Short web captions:
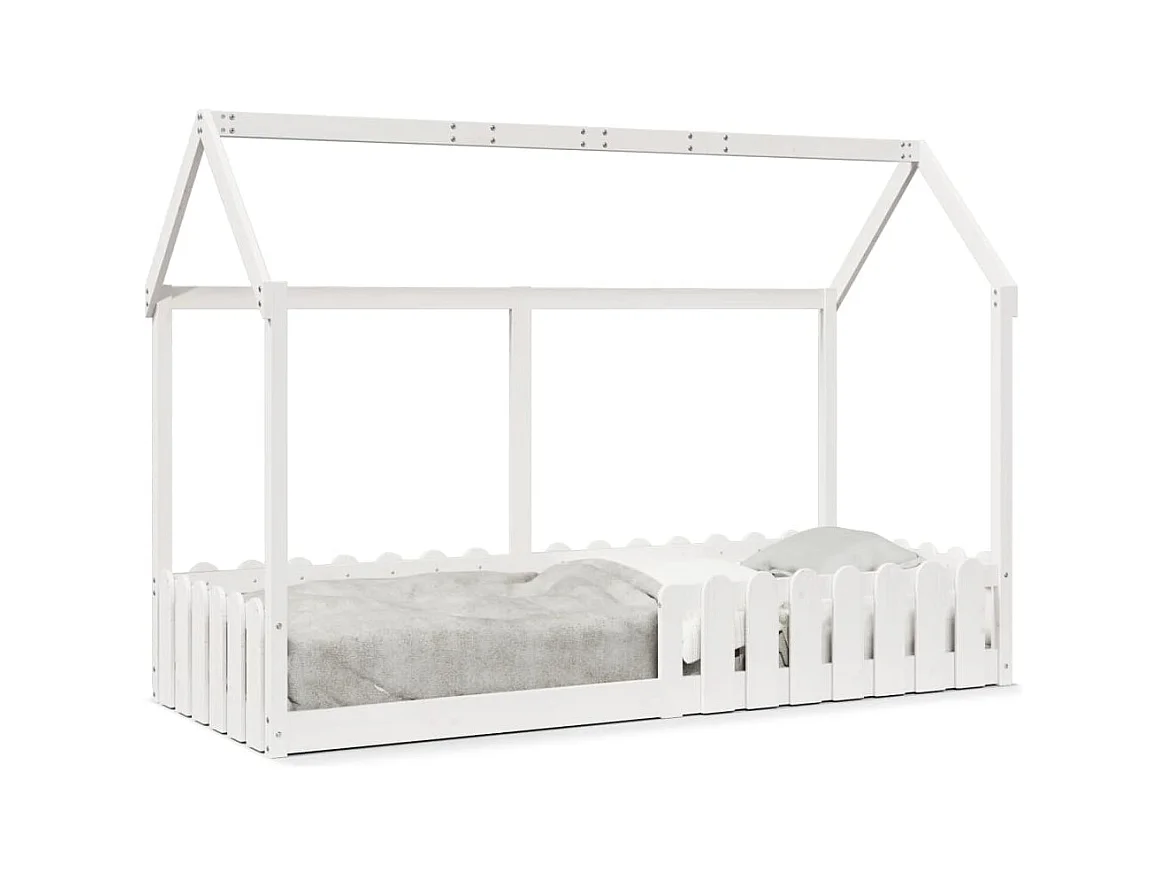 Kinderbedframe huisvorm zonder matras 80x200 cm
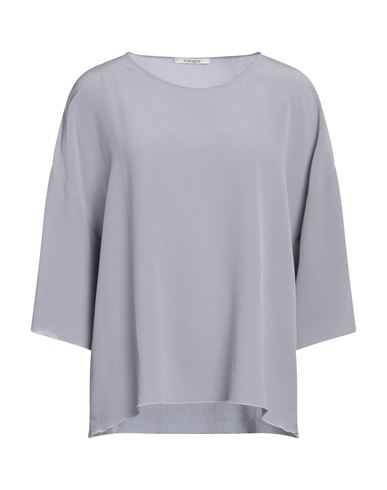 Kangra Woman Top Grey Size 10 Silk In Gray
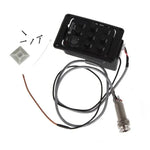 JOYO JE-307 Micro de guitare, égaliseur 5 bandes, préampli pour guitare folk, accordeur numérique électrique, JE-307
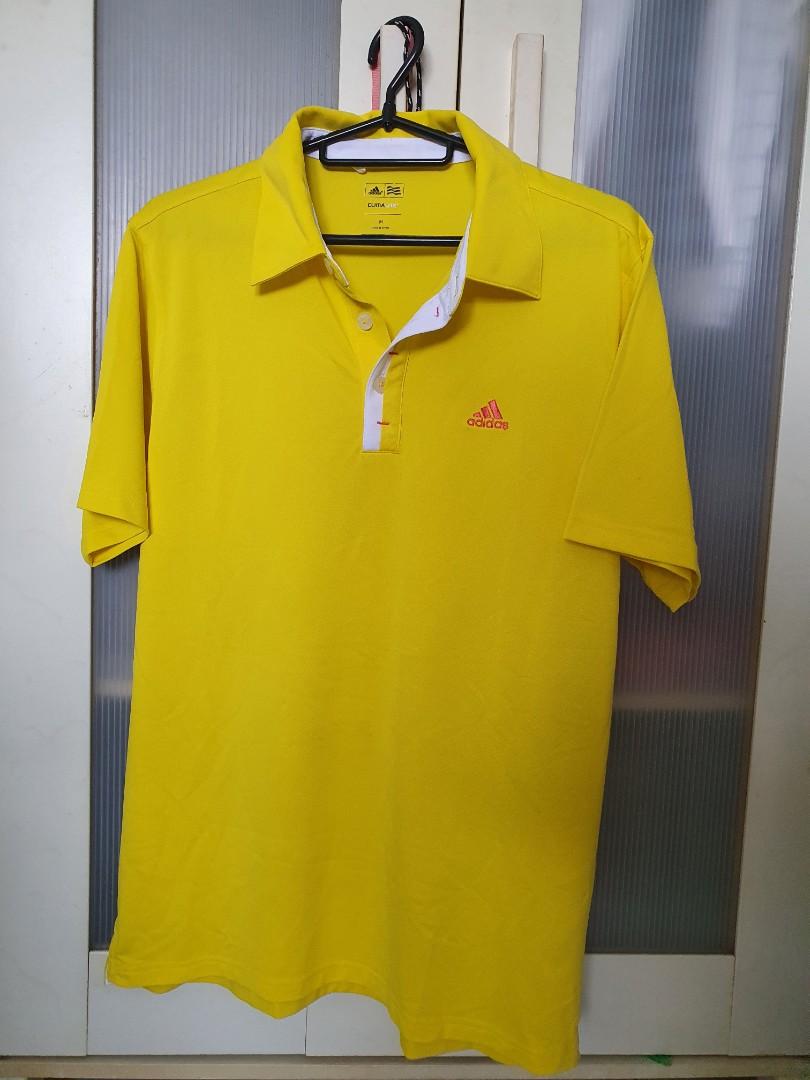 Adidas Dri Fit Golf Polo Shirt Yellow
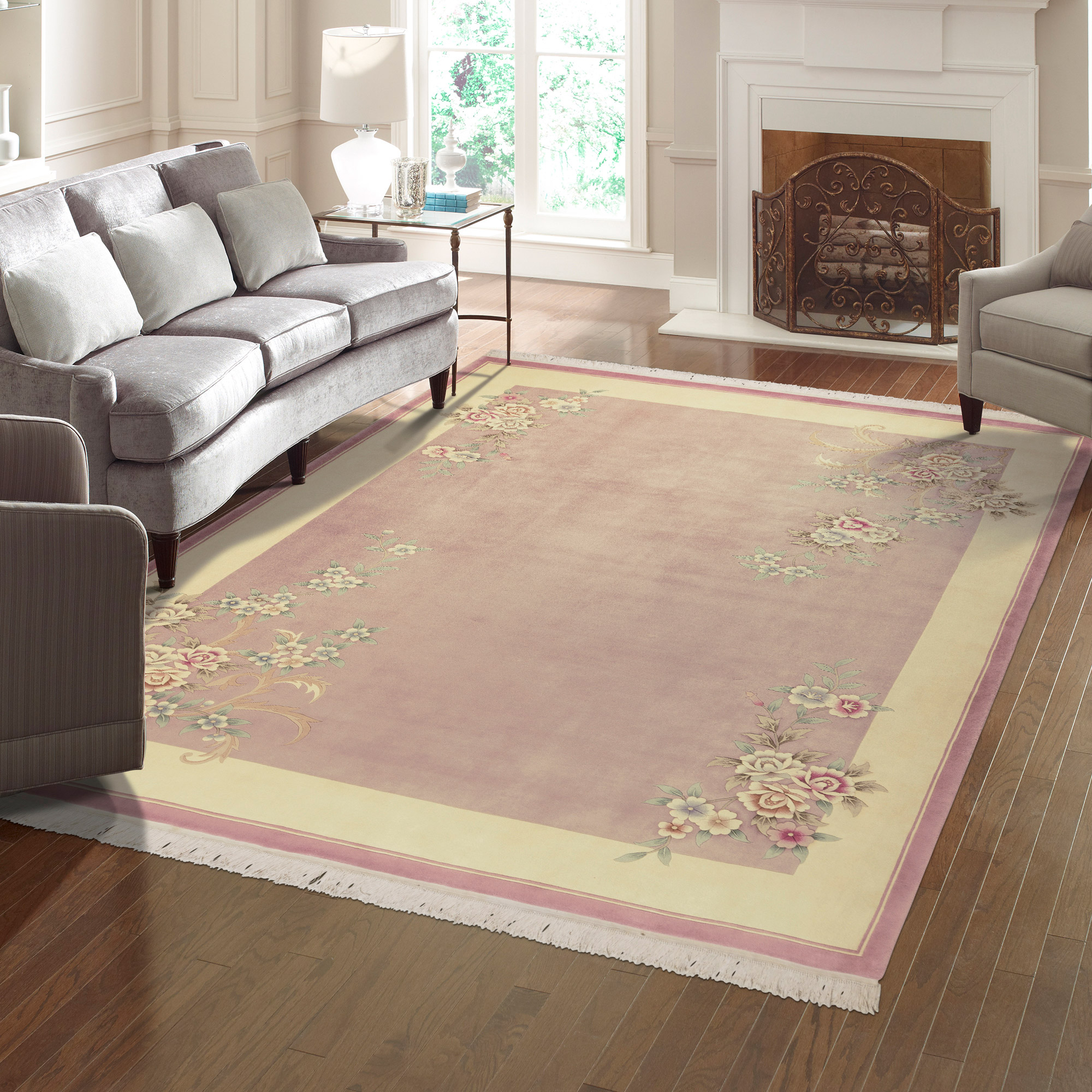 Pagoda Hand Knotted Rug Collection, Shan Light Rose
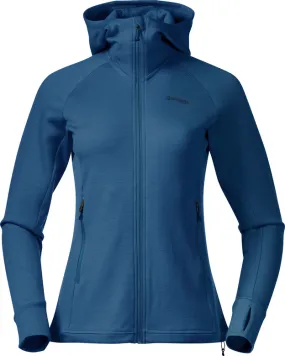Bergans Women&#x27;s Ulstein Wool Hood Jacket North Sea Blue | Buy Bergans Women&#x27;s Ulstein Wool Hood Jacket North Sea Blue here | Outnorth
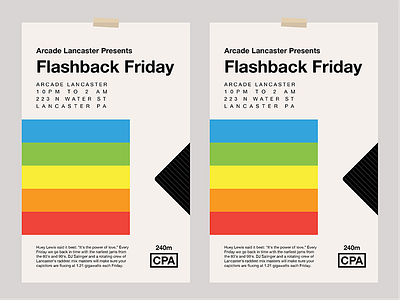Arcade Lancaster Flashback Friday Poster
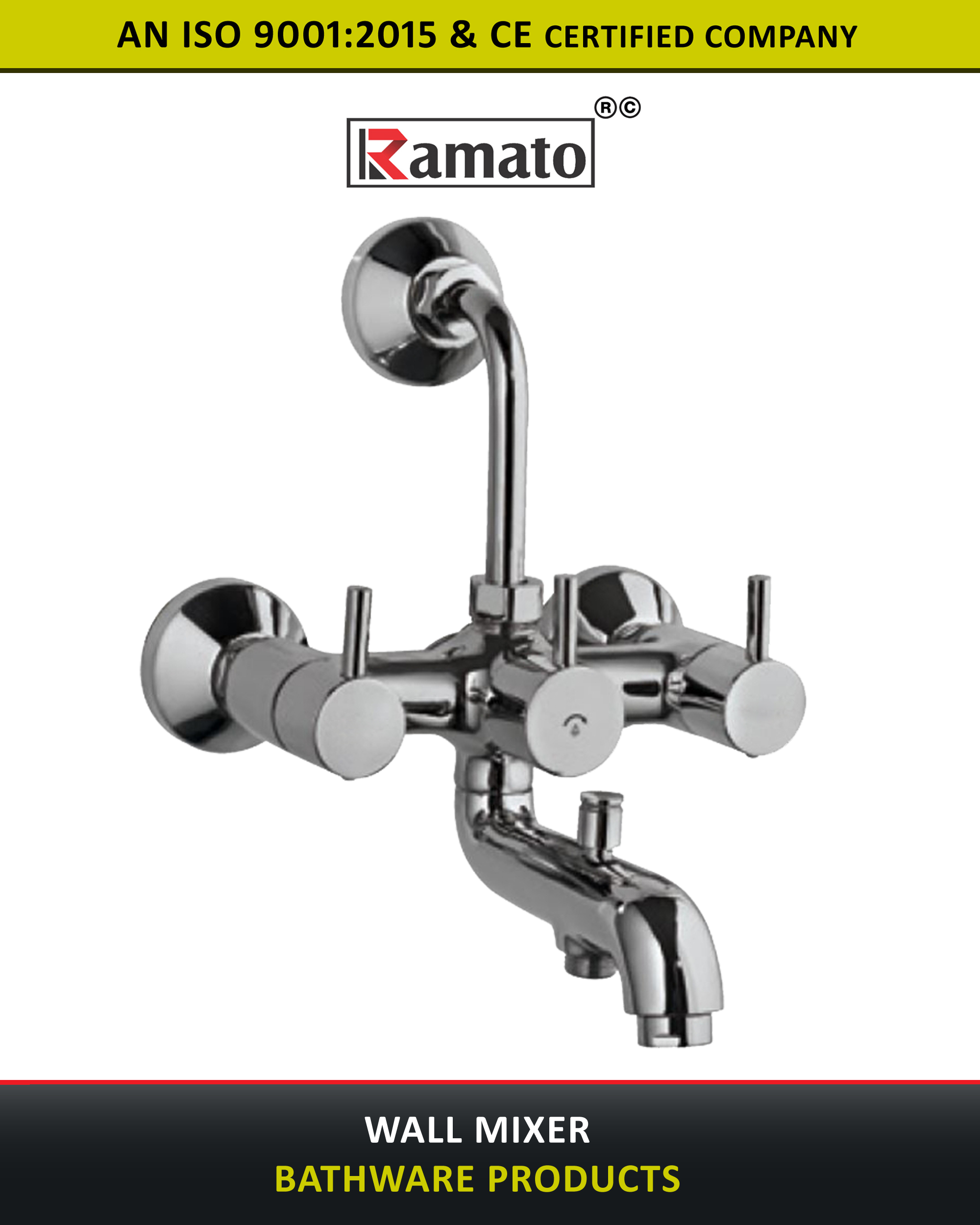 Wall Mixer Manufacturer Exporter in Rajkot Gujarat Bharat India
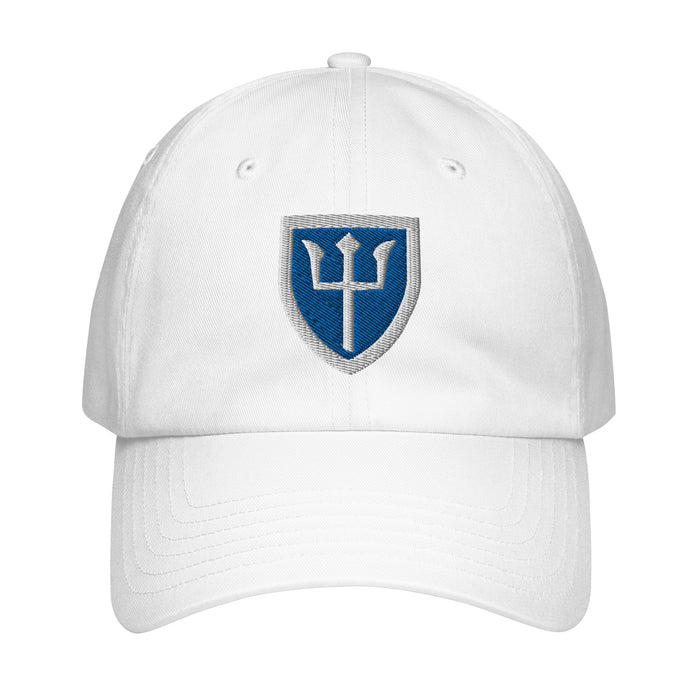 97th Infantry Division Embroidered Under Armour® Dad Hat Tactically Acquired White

Work task:
Pictures are to be left out. Write out only the lines above starting at the one with "Adidas Dri Fit Golf Polo Shirt Yellow" and ending at the one with "Arcade Lancaster Flashback Friday Poster", both lines included, exactly.

Response area:
 Adidas Dri Fit Golf Polo Shirt Yellow
 Pagoda Hand Knotted Rug Collection, Shan Light Rose
Bergans Women&#x27;s Ulstein Wool Hood Jacket North Sea Blue | Buy Bergans Women&#x27;s Ulstein Wool Hood Jacket North Sea Blue here | Outnorth
Arcade Lancaster Flashback Friday Poster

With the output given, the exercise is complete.